The Bank of Japan on Tuesday further eased monetary policy, increasing its asset purchase programme by 10 trillion yen ($130 billion) to about 65 trillion yen, as it looks to end deflation.

 
 This file photo shows the Bank of Japan headquarters in Tokyo.

It also said its policy board voted unanimously to keep the key interest rate unchanged at between zero and 0.1 percent.

"For the time being, the bank will pursue powerful monetary easing by conducting its virtually zero interest rate policy and by implementing the Asset Purchase Program mainly through the purchase of financial assets," the BoJ said in a statement.

The easing, which follows a similar step in October, is intended to help nudge the year-on-year inflation rate to 1.0 percent, the bank said.

"The outlook for Japan's economy continues to entail high uncertainty regarding the prospects and outcomes of the European debt problem, the supply and demand balance of electricity and the effects of the yen's appreciation," it said.
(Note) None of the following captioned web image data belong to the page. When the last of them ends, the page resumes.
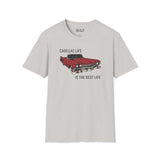 Cadillac Life is the Best Life t-shirt featuring an iconic 1960 Series 62 car illustration.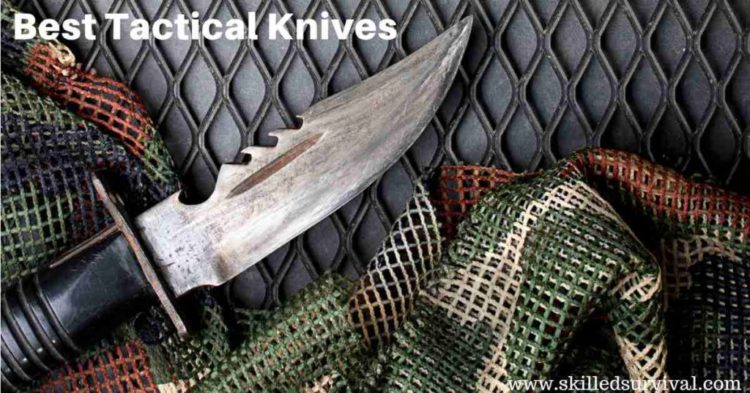 Best Tactical Knives For Extreme Combat, Survival & Self Defense
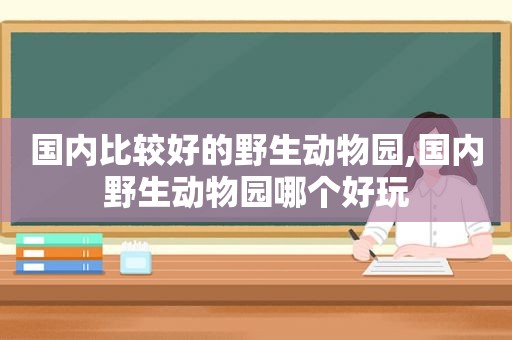 国内比较好的野生动物园,国内野生动物园哪个好玩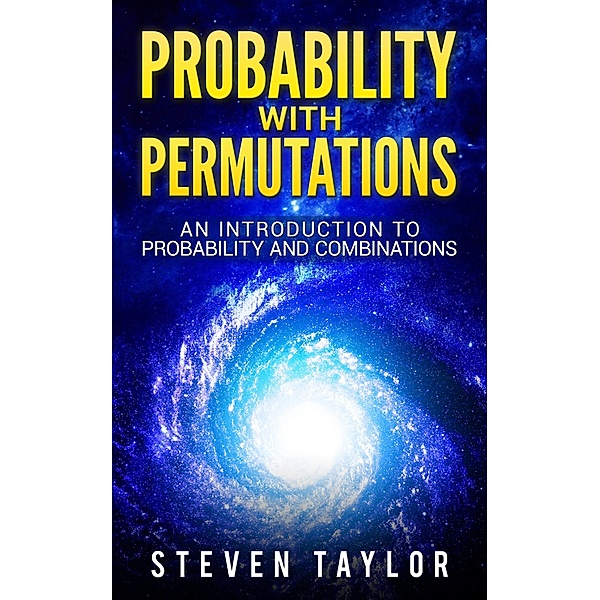 Probability with Permutations: An Introduction To Probability And Combinations, Steven Taylor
"The goal of overcoming deflation will be achieved through such efforts to strengthen growth potential and support from the financial side," the bank said.

The BoJ action strengthened the dollar against the Japanese unit, with the greenback buying 77.92 yen, up from 77.59 before the announcement, while the benchmark Nikkei index moved into positive territory in afternoon trade.
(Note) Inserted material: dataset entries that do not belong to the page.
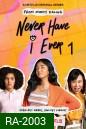 Never Have I Ever Season 1 ภารกิจสาวซน ก็คนมันไม่เคย 1 (2020) 10 ตอน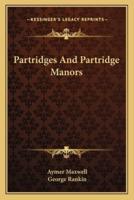 Partridges And Partridge Manors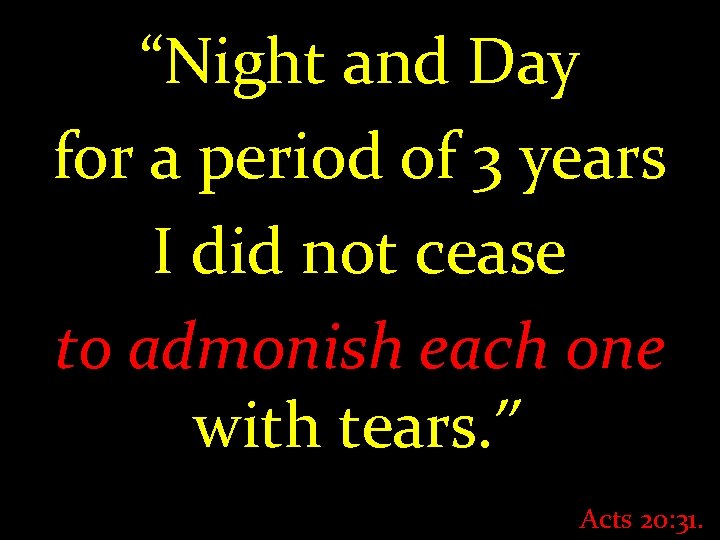 “Night and Day for a period of 3 years I did not cease to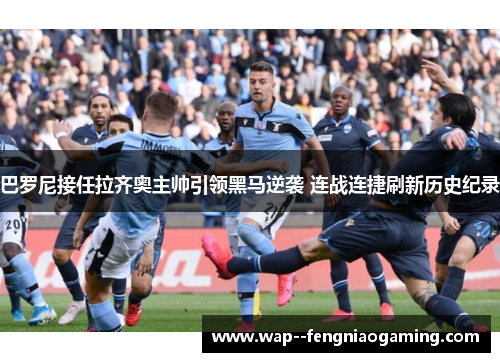 巴罗尼接任拉齐奥主帅引领黑马逆袭 连战连捷刷新历史纪录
The Nikkei was 0.65 percent up at 9,057.50 at about 0430 GMT, after ending the morning session 0.15 percent lower at 8,985.79.

The additional easing "was certainly a surprise to the currency market," UBS senior dealer Hirotsugu Inoue told Dow Jones Newswires.
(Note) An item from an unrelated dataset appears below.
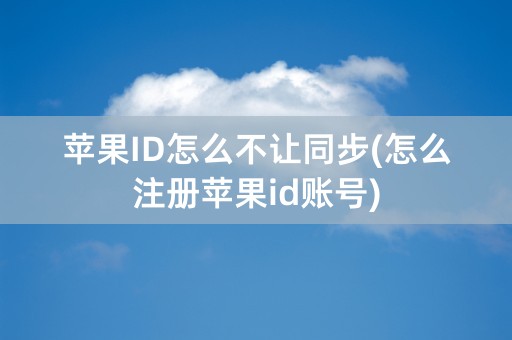 苹果ID怎么不让同步(怎么注册苹果id账号)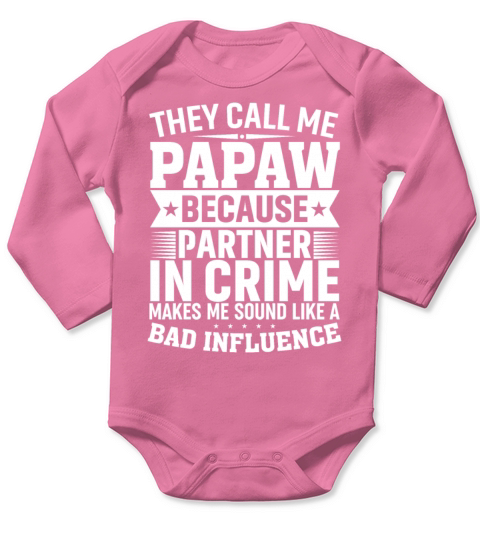 They Call Me Papaw Because Partner in Crime Funny Long Sleeve Baby One-Piece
Additional easing by a central bank increases the supply of money in the economy, therefore weakening the currency.

The move comes a day after Japan said its economy shrank a worse-than-expected 2.3 percent on an annualised basis in the final three months of 2011, owing to the strong yen, falling overseas demand and record flooding in Thailand that hammered production.

The world's number-three economy shrank 0.6 percent quarter-on-quarter, the Cabinet Office said, and 0.9 percent through 2011. It grew 4.4 percent in 2010.

The contraction was more severe than the annualised 1.6 percent drop forecast by economists surveyed by Dow Jones Newswires.

It also sharply contrasted with a revised 7.0 percent annualised growth for the July-September period, which was in part boosted by post-March 11 reconstruction.